Behind her, the sink gurgled. The problem of Kit's heightened hearing must've been why Sage had turned it on, covering them with a wall of white noise as water gushed from the faucet.

"I can't stop thinking about them," Sage said, her voice weak and small. She eyed Violet's sleeve, but couldn't seem to muster the courage to push it up. "Ever since I saw them, I've... I can't get the picture out of my head."

Violet let out a choked laugh. "Jesus, it's nothing, okay? Don't—"

"It isn't nothing," Sage cut in, swallowing nervously, eyes darting towards the locked door like it could explode in a shower of splinters and broken pieces of wood and Kit would be standing on the other side, demanding why they were taking so long. "You don't think that I should care? You're my best friend, Vi. I should've known something—"

"No." Violet pinned Sage with a piercing stare. "You couldn't have."

A shadow passed over them. Every second that passed buried them in silence until they were standing in the tomb of the moment, and there's Sage, who looked so sad, so shattered, so afraid under all that it almost breaks Violet's heart. In all the years she's known Sage, she'd never seen her look so upset, with the exception of the time Sage's cat died when they were eleven. It broke her heart into smaller pieces knowing that Violet was the reason why she looked like that now.

"Are they because of—"

"They're not because of anyone, alright?" Violet hissed, narrowing her eyes at the door. If they pushed this topic any further, Violet thought she might combust. It was as if her veins had somehow knotted themselves around her organs, tiny nooses for the vitals, and her skin felt a little too tight. "You didn't tell Kit, did you?"

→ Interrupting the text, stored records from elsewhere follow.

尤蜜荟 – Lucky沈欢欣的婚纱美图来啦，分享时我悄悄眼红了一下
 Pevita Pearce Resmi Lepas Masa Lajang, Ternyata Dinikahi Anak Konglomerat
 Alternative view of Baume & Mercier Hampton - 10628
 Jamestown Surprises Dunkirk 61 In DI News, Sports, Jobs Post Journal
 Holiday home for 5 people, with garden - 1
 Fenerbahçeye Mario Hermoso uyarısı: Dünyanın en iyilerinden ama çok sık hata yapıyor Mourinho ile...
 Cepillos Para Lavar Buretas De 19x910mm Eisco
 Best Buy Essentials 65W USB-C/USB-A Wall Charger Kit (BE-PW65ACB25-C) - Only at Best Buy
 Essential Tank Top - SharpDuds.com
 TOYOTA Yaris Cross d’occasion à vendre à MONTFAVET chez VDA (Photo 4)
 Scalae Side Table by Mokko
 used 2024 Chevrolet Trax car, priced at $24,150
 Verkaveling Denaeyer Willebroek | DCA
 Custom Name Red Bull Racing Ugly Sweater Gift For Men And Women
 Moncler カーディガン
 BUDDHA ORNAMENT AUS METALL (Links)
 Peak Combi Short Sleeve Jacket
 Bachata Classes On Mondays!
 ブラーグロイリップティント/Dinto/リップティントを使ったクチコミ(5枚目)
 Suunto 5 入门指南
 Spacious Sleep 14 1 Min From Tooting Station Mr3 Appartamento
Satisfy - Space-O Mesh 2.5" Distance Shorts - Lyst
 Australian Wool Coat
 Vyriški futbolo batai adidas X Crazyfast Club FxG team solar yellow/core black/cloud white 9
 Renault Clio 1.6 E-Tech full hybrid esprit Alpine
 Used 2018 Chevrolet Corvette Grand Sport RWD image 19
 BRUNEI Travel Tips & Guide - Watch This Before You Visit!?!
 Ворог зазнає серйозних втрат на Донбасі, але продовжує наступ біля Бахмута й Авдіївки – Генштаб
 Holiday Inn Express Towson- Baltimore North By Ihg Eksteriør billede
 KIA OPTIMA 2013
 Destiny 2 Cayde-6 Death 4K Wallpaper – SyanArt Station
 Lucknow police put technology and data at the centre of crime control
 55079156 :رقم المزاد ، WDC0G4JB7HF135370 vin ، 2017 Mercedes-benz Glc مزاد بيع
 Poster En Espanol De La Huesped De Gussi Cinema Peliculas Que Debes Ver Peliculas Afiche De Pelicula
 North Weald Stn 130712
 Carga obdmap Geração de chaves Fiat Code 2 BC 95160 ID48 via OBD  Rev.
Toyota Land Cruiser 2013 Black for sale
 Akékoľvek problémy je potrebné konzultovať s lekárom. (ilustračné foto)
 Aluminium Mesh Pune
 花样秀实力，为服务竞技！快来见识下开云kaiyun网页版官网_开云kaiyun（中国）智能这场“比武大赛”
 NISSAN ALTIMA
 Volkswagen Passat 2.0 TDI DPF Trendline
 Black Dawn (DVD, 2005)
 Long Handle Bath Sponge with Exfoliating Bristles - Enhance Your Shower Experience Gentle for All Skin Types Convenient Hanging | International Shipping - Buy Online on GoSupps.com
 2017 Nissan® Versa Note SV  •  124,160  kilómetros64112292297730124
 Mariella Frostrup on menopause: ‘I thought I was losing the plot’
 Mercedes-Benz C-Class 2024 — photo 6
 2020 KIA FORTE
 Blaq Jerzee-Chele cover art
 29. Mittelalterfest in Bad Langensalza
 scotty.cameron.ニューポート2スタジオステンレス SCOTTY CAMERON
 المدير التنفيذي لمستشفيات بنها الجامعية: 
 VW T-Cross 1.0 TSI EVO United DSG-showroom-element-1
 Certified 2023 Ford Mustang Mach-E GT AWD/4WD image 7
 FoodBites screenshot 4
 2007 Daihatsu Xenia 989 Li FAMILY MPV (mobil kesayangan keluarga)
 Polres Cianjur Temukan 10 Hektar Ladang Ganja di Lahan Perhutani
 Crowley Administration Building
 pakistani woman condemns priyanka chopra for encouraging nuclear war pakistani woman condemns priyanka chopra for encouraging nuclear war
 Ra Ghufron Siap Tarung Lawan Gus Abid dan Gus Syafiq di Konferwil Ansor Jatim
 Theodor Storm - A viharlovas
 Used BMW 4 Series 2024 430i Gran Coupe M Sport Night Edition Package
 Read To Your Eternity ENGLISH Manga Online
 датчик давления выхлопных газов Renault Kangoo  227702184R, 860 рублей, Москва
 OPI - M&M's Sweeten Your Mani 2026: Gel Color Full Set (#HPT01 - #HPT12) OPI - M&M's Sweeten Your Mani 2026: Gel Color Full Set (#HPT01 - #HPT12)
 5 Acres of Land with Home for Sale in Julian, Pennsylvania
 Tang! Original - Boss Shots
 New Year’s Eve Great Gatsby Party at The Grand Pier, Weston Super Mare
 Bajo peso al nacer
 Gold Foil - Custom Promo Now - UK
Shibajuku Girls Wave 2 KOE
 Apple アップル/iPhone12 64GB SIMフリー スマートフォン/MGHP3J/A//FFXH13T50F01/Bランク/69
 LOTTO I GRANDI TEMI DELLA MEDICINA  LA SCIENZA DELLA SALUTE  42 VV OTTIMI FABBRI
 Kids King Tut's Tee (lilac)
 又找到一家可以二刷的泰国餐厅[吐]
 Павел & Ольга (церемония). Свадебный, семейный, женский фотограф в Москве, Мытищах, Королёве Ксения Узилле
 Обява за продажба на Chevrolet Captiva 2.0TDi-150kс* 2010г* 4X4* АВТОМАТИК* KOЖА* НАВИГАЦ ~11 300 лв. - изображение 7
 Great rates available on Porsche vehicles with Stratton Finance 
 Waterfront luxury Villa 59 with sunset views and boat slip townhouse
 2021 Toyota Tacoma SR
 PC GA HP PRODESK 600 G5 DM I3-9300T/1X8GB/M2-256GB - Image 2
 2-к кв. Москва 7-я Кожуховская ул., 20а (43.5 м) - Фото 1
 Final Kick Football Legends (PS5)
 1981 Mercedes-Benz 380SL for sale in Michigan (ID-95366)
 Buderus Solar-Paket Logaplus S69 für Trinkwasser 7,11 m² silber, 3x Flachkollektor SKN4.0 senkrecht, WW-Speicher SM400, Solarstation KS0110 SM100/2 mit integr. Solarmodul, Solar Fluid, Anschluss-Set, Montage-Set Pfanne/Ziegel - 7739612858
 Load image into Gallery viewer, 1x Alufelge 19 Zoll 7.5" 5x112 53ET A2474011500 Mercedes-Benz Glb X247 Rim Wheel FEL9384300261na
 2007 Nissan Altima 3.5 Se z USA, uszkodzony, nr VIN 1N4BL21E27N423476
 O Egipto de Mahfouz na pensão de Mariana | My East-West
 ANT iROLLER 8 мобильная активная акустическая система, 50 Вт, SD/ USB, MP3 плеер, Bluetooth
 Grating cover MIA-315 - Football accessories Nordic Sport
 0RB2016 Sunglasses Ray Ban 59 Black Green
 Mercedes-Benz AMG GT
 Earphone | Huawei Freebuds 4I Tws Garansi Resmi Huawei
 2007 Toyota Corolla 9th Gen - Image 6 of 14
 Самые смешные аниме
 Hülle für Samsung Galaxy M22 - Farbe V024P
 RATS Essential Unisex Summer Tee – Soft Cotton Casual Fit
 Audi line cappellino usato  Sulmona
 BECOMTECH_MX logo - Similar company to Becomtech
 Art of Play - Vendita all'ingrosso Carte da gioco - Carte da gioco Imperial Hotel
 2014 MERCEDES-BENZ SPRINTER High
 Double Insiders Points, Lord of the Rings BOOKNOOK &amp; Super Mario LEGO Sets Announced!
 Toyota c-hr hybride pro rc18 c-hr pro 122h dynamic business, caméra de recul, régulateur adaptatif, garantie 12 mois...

Irritation flickered in Sage's face. "What the fuck? You know I'm not like that. I would never do that to you."

Violet deflated. Relief was a needle snuck between her lungs. She pursed her lips, and her arm went limp in Sage's grip. Sage's eyes haven't left Violet's arm. There are days when Violet thinks she's brave enough to hit a vein, brave enough to cut a little deeper, brave enough to watch herself bleed out on the bathroom floor. Judging by the look on Sage's face, that's what she was afraid of. This lapse in judgement, this severe disconnect between sanity and rationality. A normal person wouldn't think of death like a comfort, or a second option. Wouldn't have given this monstrous affliction an identity, dressed it up in skin and shadows, a chronic virus weighing down on her conscience whispering terrible things in her ears. So close, just so, so close. Imagine the slip, picture the blood, scarlet, agitated, uncontrollable. You know you've fucked up, albeit, you grudgingly welcome the prospect of bleeding out and dying on your bathroom floor because maybe this was meant to be, you know? Maybe you were meant to be found this way—foetal position, strained alabaster skin, a steady affix of emptiness and the bloodied stitches trekking ichorless veins ripped at the seams.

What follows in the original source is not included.